“Everything that relates to intimacy in France is still the subject of a huge blockage, it’s a real problem”, underlines Jean Viard

Ten years ago, to the day, on April 23, 2013, the French parliament adopted the law on marriage for all. Law which has since allowed some 70,000 couples to say yes. The decryption of sociologist Jean Viard.

franceinfo has been telling you about it since the beginning of this weekend, 10 years ago, to the day, on April 23, 2013, the French parliament passed the law on same-sex marriage law. A law promulgated on May 17, 2013. France, when it comes to these intimate subjects, is often struggling on these social issues. Insight and analysis with sociologist Jean Viard.

franceinfo: Has marriage for all been a major change for our society?

John Viard: First in France, it was a huge conflict, whereas around us, for example in Belgium, it went quite like a letter in the post. So that means that France, when it comes to evolving, still has immense difficulties. It may apply to other subjects. We are in a period where the intimate becomes at the center of the social fact: private life, sexual orientations, but this is also true for the debate on #metoo, etc. Previous generations were much more politically inclined, revolution, capital/labour, Marxism, etc.

We are in an intimate sphere and in an intimate era, it becomes the heart of public debate. I think it’s a liberation of the individual, it shows that we are more and more autonomous individuals, not belonging to our families. We are not primarily a lineage. We are first of all an actor in a society, which has multiplied its meetings, its loves, etc. All that is a society built around the individual, with suddenly the growing intimacy, which sometimes even invades the political sphere, to the point that we can no longer really talk about politics with the fact that France, indeed, has difficulty on all these subjects. Look at the debate on the end of life in France, everything related to intimacy in France, is still the subject of a huge blockage, and I believe that it is a real problem.

Afterwards, a second question is that we always confuse sexual orientation and perversion. And so indeed, we hear homosexuality, pedophilia, etc. homophobic discourse, as if the freedom of sexual orientation necessarily referred to this question. Which brings us back to the question of the child, because one of the great debates on marriage for all was indeed yes, okay, but after, children, after, adoptions, after surrogacy, etc. As if indeed there was a particular problem, which history does not show, because there have always been couples, especially women, but not only, who actually had children in one way or another. ‘another one. I believe that on all these levels, the more we move towards an intimate society, the more medicine enters into these processes. It is a transformation.

Afterwards, I think it should always be said that what counts is that the adventure of having a child is an absolutely brilliant adventure, and that therefore, basically, that is what is fighting , and that indeed, the way in which the child was conceived does not have a major stake. I put aside the question of management for others, surrogacy, which is actually a problem of using the body of the other, it refers to something else. It would be a debate already, I think completely different.

François Hollande was right about marriage for all. This is what Gérald Darmanin said on France Info two days ago, he was opposed precisely in 2013 to the Taubira law. And there was all this opposition in the street that we heard. In 10 years, have these debates calmed down, has a common reality gradually settled in?

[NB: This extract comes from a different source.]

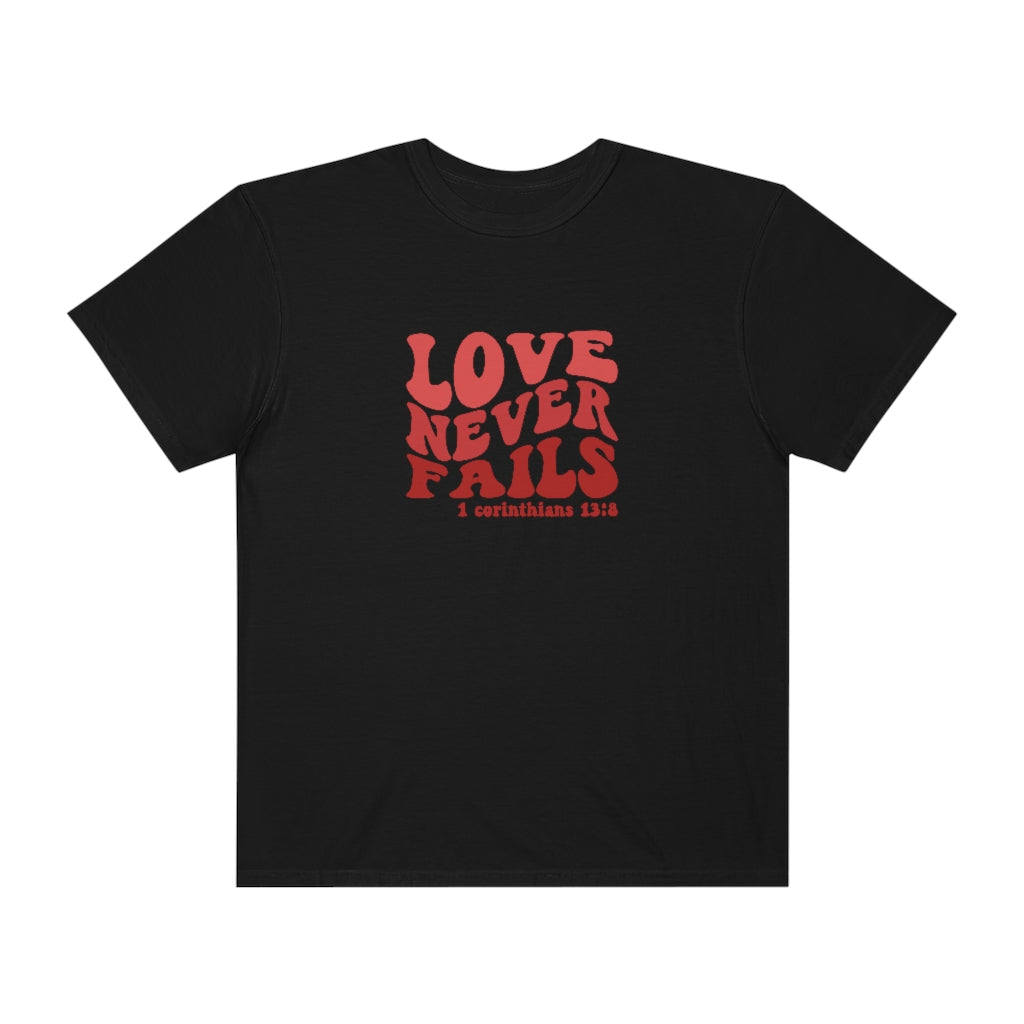 Love Never Fails Unisex Garment-Dyed PREMIUM T-shirt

Yes, I think so, on the one hand, because we realized that I was going to say: it was not so serious. And on the other hand, because we are all evolving: the number of religious practices is decreasing, we are in the process of leaving all the traditional frameworks of our societies; in 10 years, we have all changed a lot. There may also be political opportunities for some, but fundamentally, I do not believe. It also shows us one thing, and that is that France is a country that is finding it extremely difficult to reform itself. And when you do a reform, there is often a huge fight. And then afterwards you say to yourself: but after all, it was not so serious.

And when we look over 10 years, the number of marriages of same-sex couples is generally stable, around 7000 per year. That of heterosexual couples has been steadily declining overall, even since the 1970s?

What must be said is that the couples have completely changed. 63% of babies are born out of wedlock. The straight couple is no longer the couple of our grandparents. One out of two marriages breaks down in Ile de France before five years. The wedding has become a party. It’s no longer a lifelong commitment to co-managing groceries or family. And so there, we have a relationship between the birth rate, the couple, etc. which is built on the individual, which is no longer built on marriage. And so, in a way, from that moment on, the issue of marriage completely changed since the issue of marriage was procreation.

Procreation has escaped from marriage, so to speak, and so marriage, basically, has become a desire to show off in society, to have rights too, inheritance rights, account rights. common, heaps of rights that are linked to that. And I draw the attention of people who listen to us and read us on an important thing: there is only the marriage which allows the reversion of pensions. In this period of debate on pensions, we must remember this every day.